We made good progress this week on codifying the rules. We've submitted merge requests that add nine new rules and adjust several of the existing rules. Based on our testing, we've iterated on our approach to the rules; see the doc for more details. Next, we'll be merging the patches, looking into readability metrics, resolving remaining to-dos, and testing with a wider range of pages.

  • First prototype of the wiki linter has been reviewed by @apaskulin and is now available on the main branch. I will now work on deploying it on Toolforge.
  • I am still working on a few of the remaining style rules.

This week's update:

  • Completed a study of available readability metrics and their basis in Vale's built-in metric variables, and submitted a merge request with two experimental rules based on my findings and a merge request to preserve the rules I used to generate page stats for development purposes.
  • Submitted a merge request with a few low-priority rules.
  • Merged two merge requests from new contributors (!8 and !9)
  • First prototype of the wiki linter is now live on Toolforge.
  • Main set of style rules in the quickstart repository is now complete.
  • We are now ready to start testing the tools in real projects and on existing documentation.

This week, I drafted a list of repositories and wiki pages to use as an initial test set. So far, I've tested 7 repositories and 12 wiki pages to evaluate the rules for bugs, adjustments, and false positives, amounting to over 5,000 suggestions.

I'm still in the process of testing the tools:

  • Almost done testing the wiki linter. Still need to identify a root cause for one bug.
  • Started testing the repositories.

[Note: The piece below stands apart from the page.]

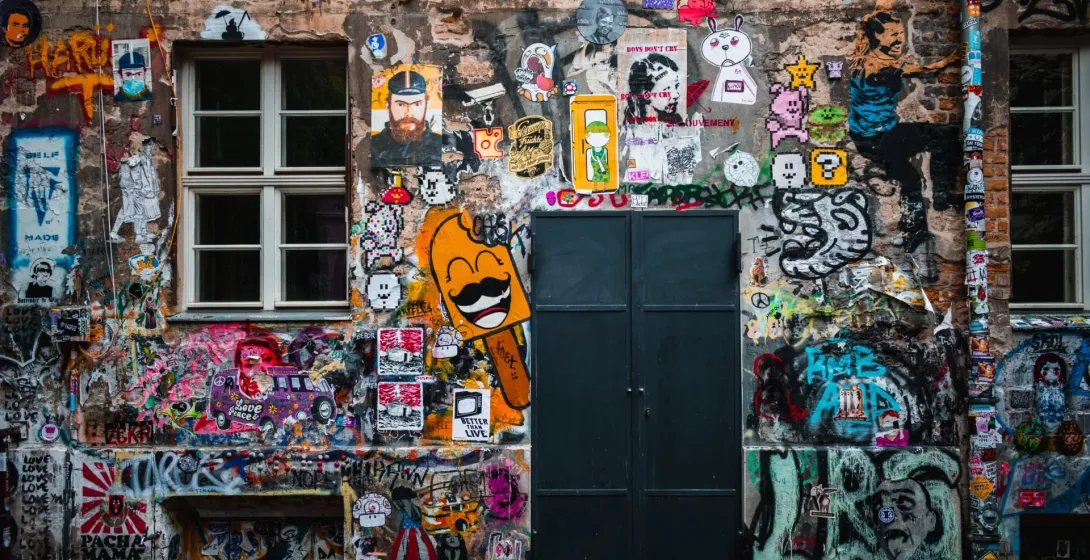 A weathered brick building facade in Berlin, densely covered with colorful street art, graffiti, and stickers.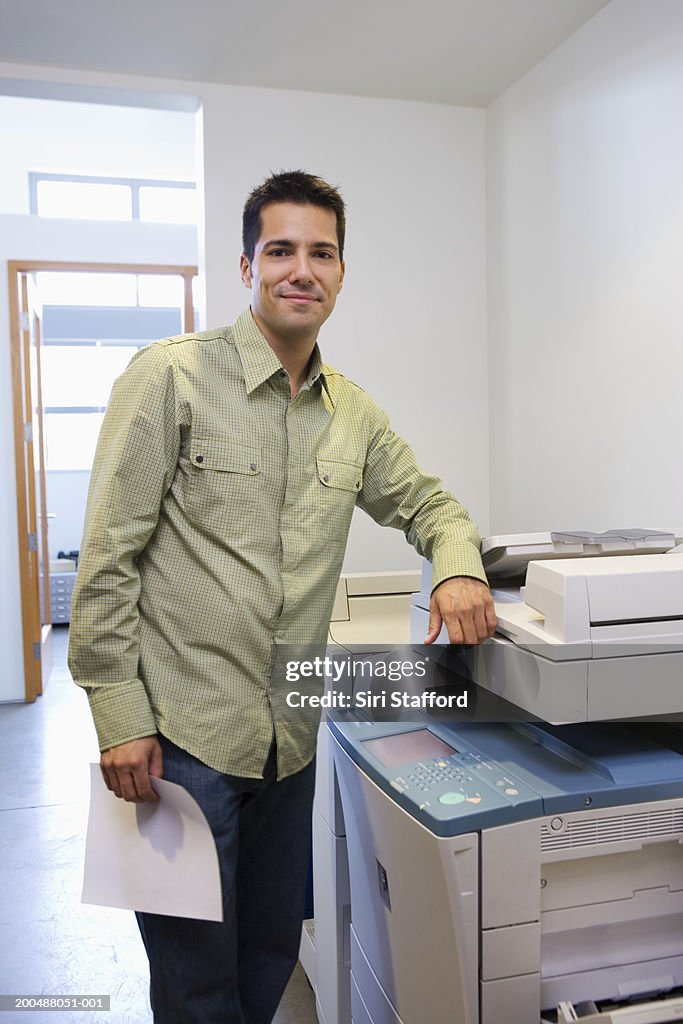Businessman standing by  copy machine in office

Here I'm focusing on making improvements to style rules with particularly high false positive rates.

This week, I completed my testing of the remaining two repositories and consolidated my findings and suggestions for the prototype release of the ruleset.

Main tests are done and bug fixes are ready for review. I will now work on minor UI improvements in the web app, continue verifying the fixed rules, and write documentation.

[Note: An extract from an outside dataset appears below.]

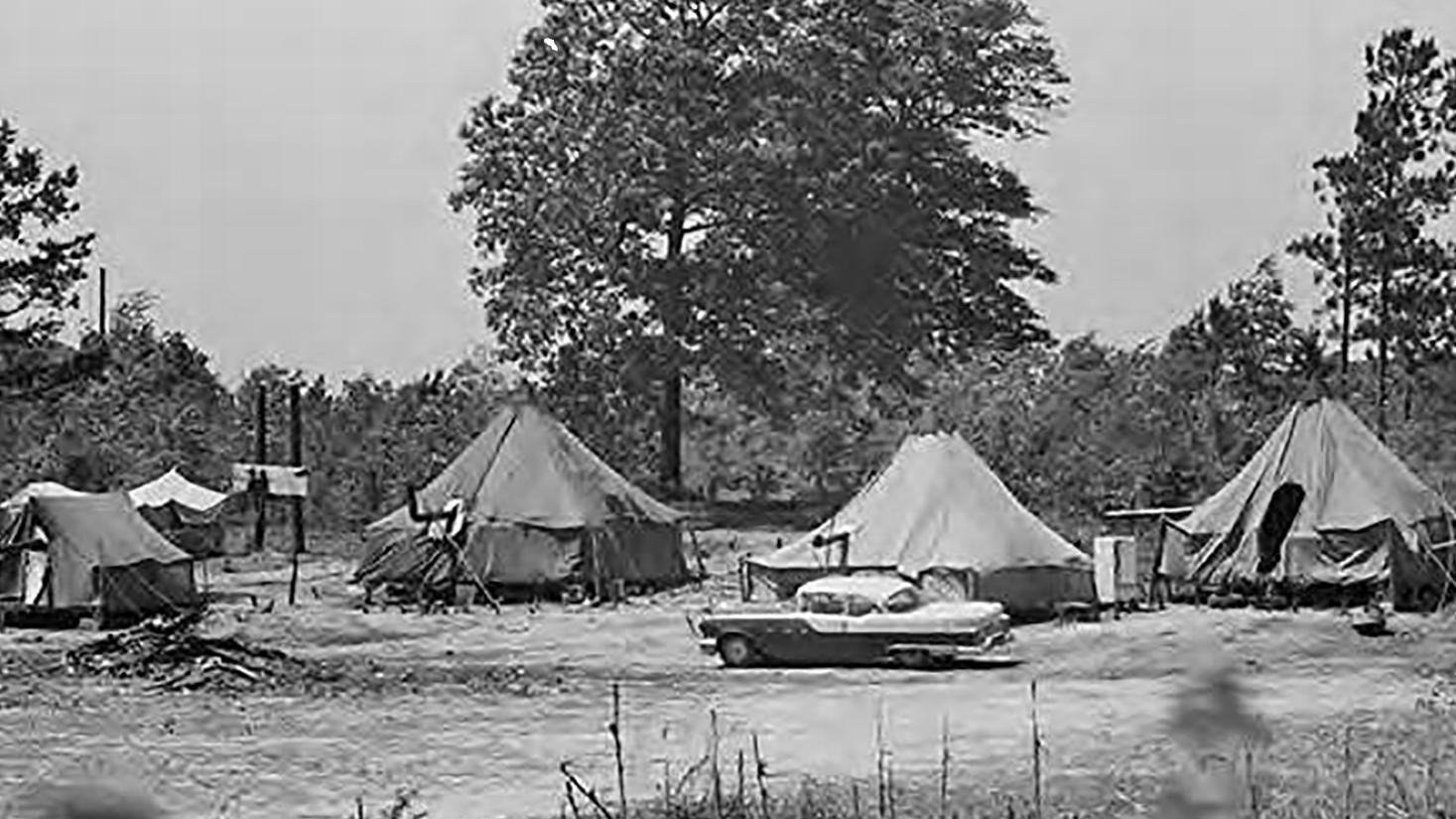 A photo of various canvas tents that were home to evicted farmers.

  • I deployed a new version of the wiki linter to https://techdoc-linter.toolforge.org/. This version features UI improvements, new usage instructions, and a few bug fixes.
  • One final bug fix is ready for review in this MR in GitLab.
  • I'm still working on the documentation.
  • I merged and deployed the final bug fix in the web app.
  • I researched the possibility of replicating the linter CI pipeline for projects in Gerrit. We now have a general idea of how to achieve it, but will not implement it as part of this task.
  • Linter rule reference documentation is now undergoing a review. I will publish it on mediawiki.org when it's ready.
  • Other documentation is still in progress.

I've been away most of the week so there hasn't been much progress in this task. Work on the documentation is still ongoing.

The linter rule reference is now on wiki, awaiting a few final modifications. I'll move it to its final location when the other documentation (still in progress but almost done) is ready.

The main project documentation page is now in review. I'm still making minor changes in the other docs (README, reference), and in the tools themselves. I'm planning to finalize this project next week.

This project has now been completed.